Statute Of Limitations For Tort Arising Out Of Breach Of Contract Accrues At The Time Of The Breach
IN RE: MARCHFIRST (December 21, 2009)
CIT Communications Finance Corp. leased telephone equipment to marchFIRST beginning in 2000. After marchFIRST filed for bankruptcy in 2001, CIT sought the return of its equipment. The Trustee denied that marchFIRST held any CIT property. In 2002, CIT filed an administrative claim, asserting that the Trustee breached his fiduciary duty. In May of 2007, CIT filed a lawsuit against the Trustee for breach of fiduciary duty. The bankruptcy court, and the district court, both agreed that the suit was barred by the statute of limitations. CIT appeals.

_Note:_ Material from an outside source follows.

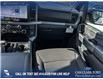 2025 Ford F-150 XLT (Stk: 25AT2791) in Airdrie - Image 25 of 25 2025 Ford F-150 XLT (Stk: 25AT2791) in Airdrie - Image 25 of 25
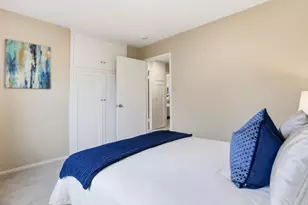 1024 Rio Vista Dr, Pacifica, CA 94044 - Photo 34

In their opinion, Judges Bauer and Sykes and District Judge Simon affirmed. Everyone agreed that the claims were governed by the five-year statute of limitations -- they did not agree on when the claim accrued. The Court cited the general rule that tort claims accrue when a party sustains an injury but added that Illinois recognizes the discovery rule. That principle extends the time of accrual until the time when a party both knows he is injured and that the injury was wrongfully caused. Here, CIT begin demanding its equipment back as early as July of 2001 and the Trustee refused to return it as early as November of 2001. CIT was on notice of its injury and its claim. Even if the Trustee's breach of his fiduciary duty continued into the five-year period before the filing of the complaint, this is not the type of tort where a limitations period begins to run only after the cessation of the tortious conduct. When a tort arises out of a breach of contract, the statute begins to run at the time of the breach or its discovery.